START SOURCE DATA
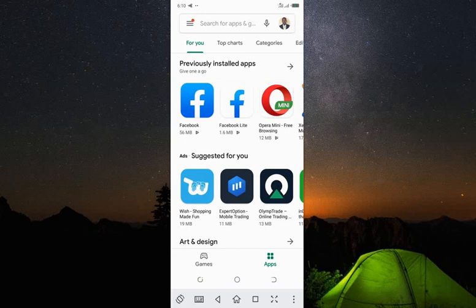Hi guys, welcome back to my channel. Today I'm going to explain how you can create a website together with an admin panel without any programming knowledge. You only need your Android phone to do this.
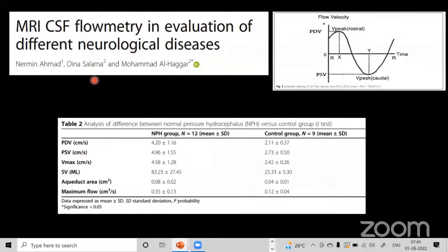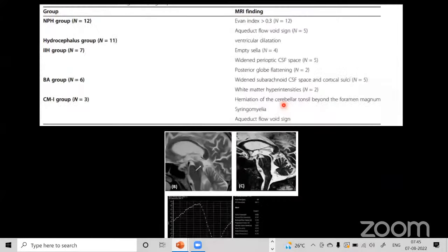Using phase contrast MR imaging, we can quantify CSF velocity, stroke volumes, and peak systolic and diastolic velocities. Doubling the control group value is considered a cutoff for shunt-responsive normal pressure hydrocephalus. CSF flow studies are important in normal pressure hydrocephalus, aqueductal stenosis, assessing ventriculostomy patency, intracranial hypertension with asymmetric age-inappropriate brain atrophy, and in Chiari malformations.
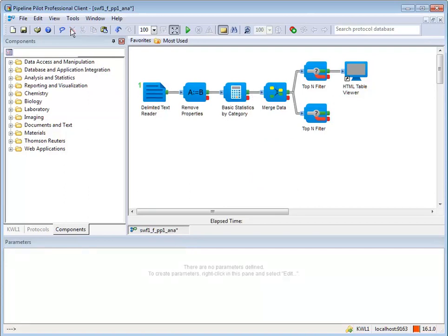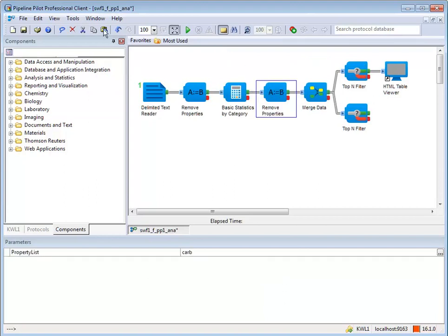If a single pipe between two components is selected, the component will be pasted between the two existing components.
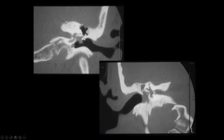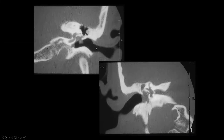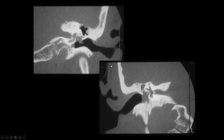Another example shows the scutum and Prusac space with no middle ear ossicles identified, and the facial nerve canal possibly involved as well. In yet another case, there is a blunted scutum and partial middle ear ossicle — specifically the incus with erosion of the long process of the incus — along with soft tissue in the middle ear cavity.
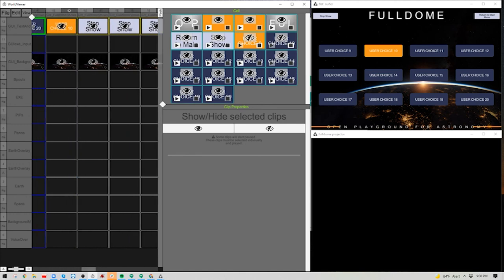That would be how you update your Open Playground. That concludes our session today for Customizing Your Full Dome Library in the Open Playground for Astronomy. Thank you. If you ever need assistance, reach out to support@illuminati.com, or your sales rep at sales@illuminati.com.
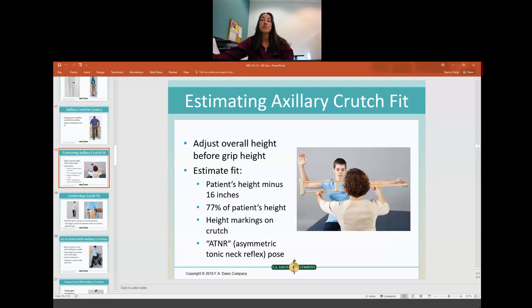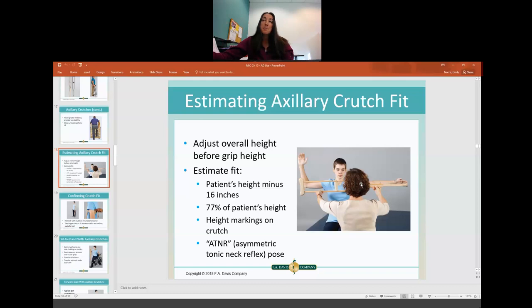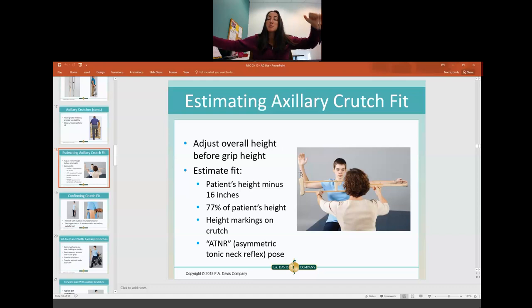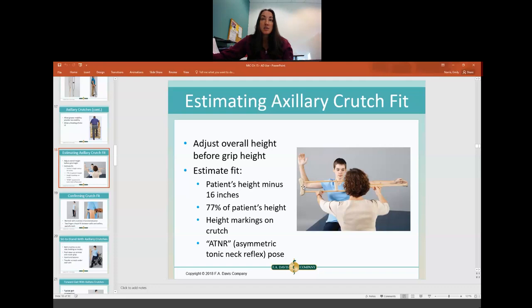To estimate the fit of axillary crutches, you can measure the patient's height and subtract 16 inches, or calculate 77% of the patient's height. You can also use the markings on the crutches. Another method is the ATNR position — ATNR is a reflex where if they straighten one arm and bend the other like a fencing pose, that is typically the correct length for the crutch height. Once you determine the height, stand them up to confirm fit by placing the crutches slightly forward and out to the side.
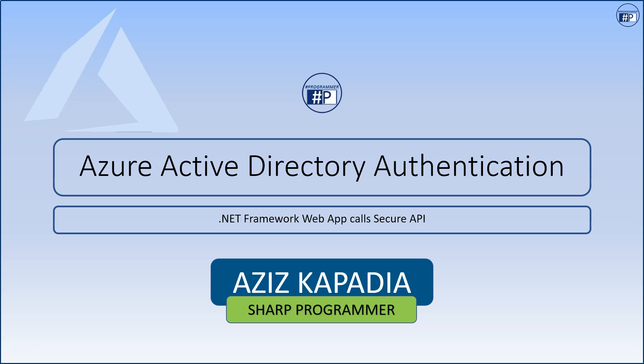Hi, this is Aziz Kapadia from Sharp Programmer. In this video we will learn how to authenticate a .NET Framework MVC web app and call a secure API app. It will cover the below topics.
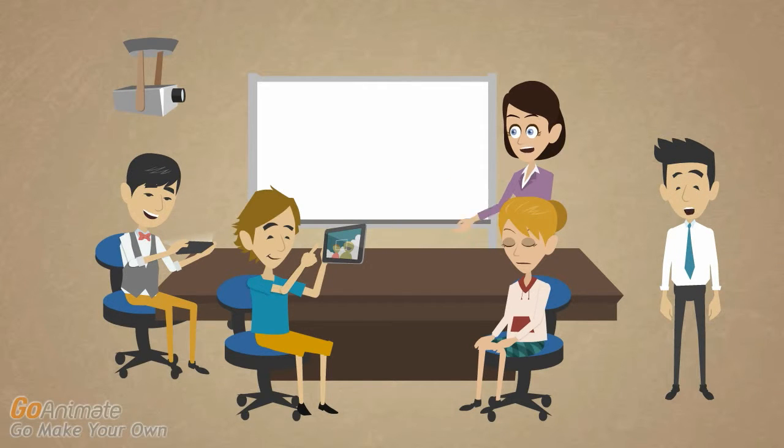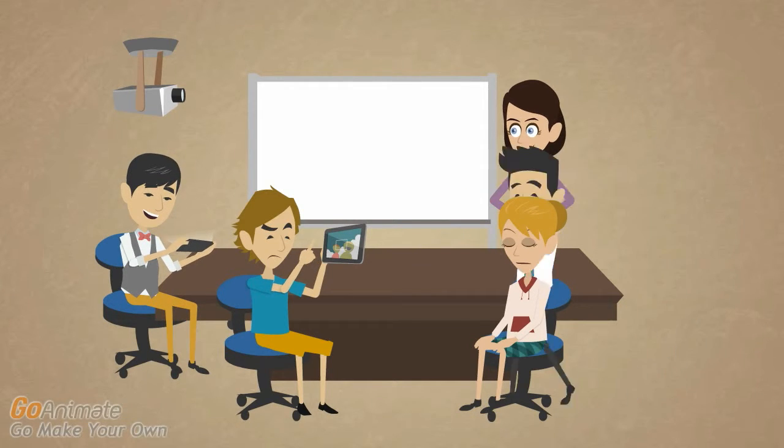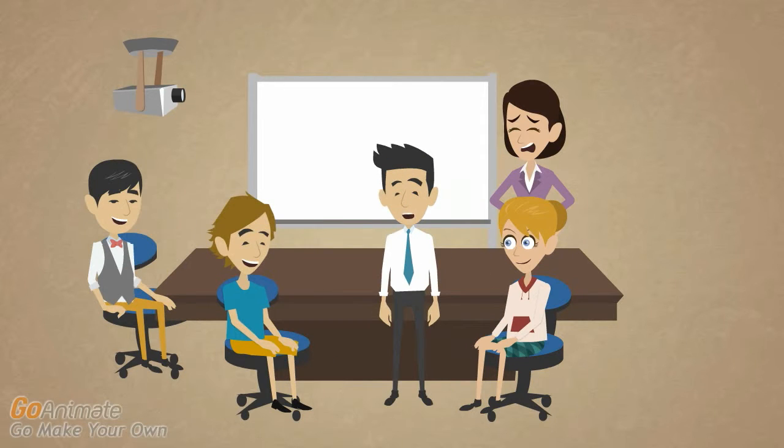Do you ever wonder how your employees spend their time in meetings? Would you like to get a better sense of how effectively your employees' time is being used?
END SOURCE DATA
- ACTION ITEM:
Copy exactly, and only, the lines running from the one containing "Hi, this is" through the final line of the data, and omit the pictures.

- TASK SOLUTION:
Hi, this is Aziz Kapadia from Sharp Programmer. In this video we will learn how to authenticate a .NET Framework MVC web app and call a secure API app. It will cover the below topics.
Do you ever wonder how your employees spend their time in meetings? Would you like to get a better sense of how effectively your employees' time is being used?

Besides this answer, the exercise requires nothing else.